Dominion has proceeded with plans to build the LNG plant and export terminal near homes, schools, parks and daycare centers in spite of strong opposition. They are afraid of what may happen if there is an accident when the natural gas facility begins operation.

Tracey Eno, who lives less than two miles from Dominion Cove Point, said she was thrilled to see so many people participating. “I’ve seen people I don’t even know, and that’s a good sign,” she said. “The town of Lusby has never seen this before.”

The six-mile march had a police escort./ Photo by Anne Meador
The six-mile march had a police escort./ Photo by Anne Meador

The walk almost didn’t come off as planned when the bus company which had agreed to shuttle walkers cancelled its service agreement with organizers just hours before the event. Tracey Eno believes the company, which also has transport agreements with Dominion, was pressured not to provide the agreed upon service to them. Had Eno not been able to make last-minute alternative arrangements, they would not have been able to finish at Cove Point Park.

Eno was pleased with the support they received from motorists along the way. “Everybody driving by is supporting us, the power of the people. This is democracy!”

Kathy Strickler, who is retired and lives on a boat with her husband on the Chesapeake Bay, was walking for the environment. “I can’t think of what all these tankers coming in are going to do to the Bay’s serenity and safety,” she said.

Kevin Zeese, a lawyer and activist from Baltimore, was surprised by the participation. “This is certainly an unusual experience for Lusby and Calvert County,” he said. “It’s not really a protest center and to have this number of people come out and walk through the neighborhoods will be talked about and will grow the movement.”
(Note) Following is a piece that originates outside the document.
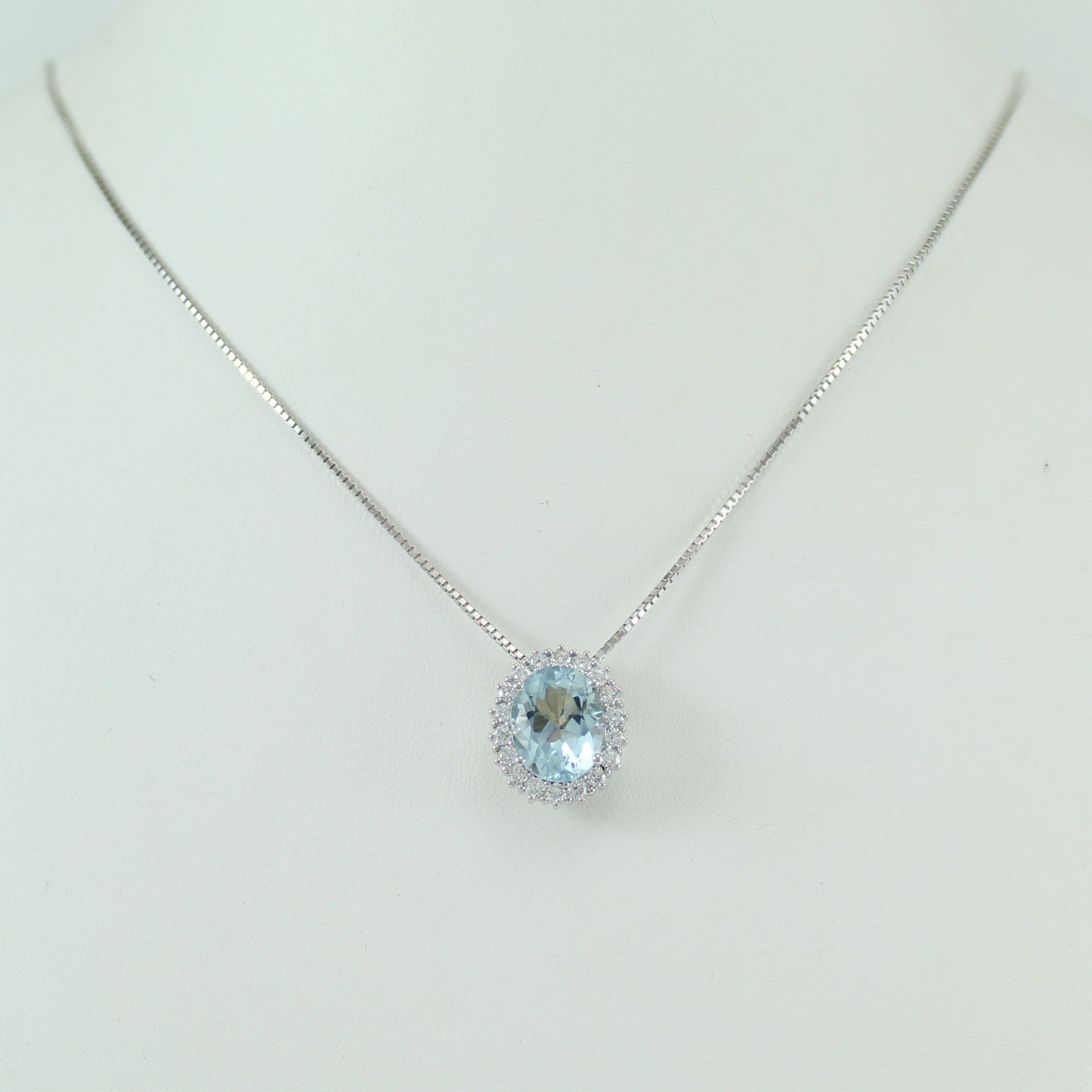 Collana donna oro bianco acquamarina e diamanti Mirco Visconti in Collane Gioielleria Saba - Dolianova, commercioVirtuoso.it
Walkers followed the route taken by specially designed vehicles with oversize loads from the pier where barges deliver large equipment to the main terminal. On Saturday afternoon, Dominion issued the latest traffic advisory notifying that roads would be closed the following night for one of these oversized hauls.

Walkers stopped at the halfway point for refreshments at Patuxent Friends Quaker Meeting House, then continued through the town of Lusby to Cove Point Park. Once they arrived at Cove Point Park, participants were treated to a picnic meal prepared by cooks from “Seeds For Peace,” a mobile kitchen, and entertained with live folk music.

Photo by John Zangas
Photo by John Zangas

Virginia, who grew up in Calvert County, strolled with her 2-year-old son. She is proud of her community. “Many of us are here because of the environment and how much beauty there is surrounding us,” she said.

She was also concerned about her son’s future. “I feel like we’ve been lied to,” she said. “Many of the government officials haven’t told the truth about what is going on. We are worried about the future of our county, and we are worried about the lives that our children are going to be leading.”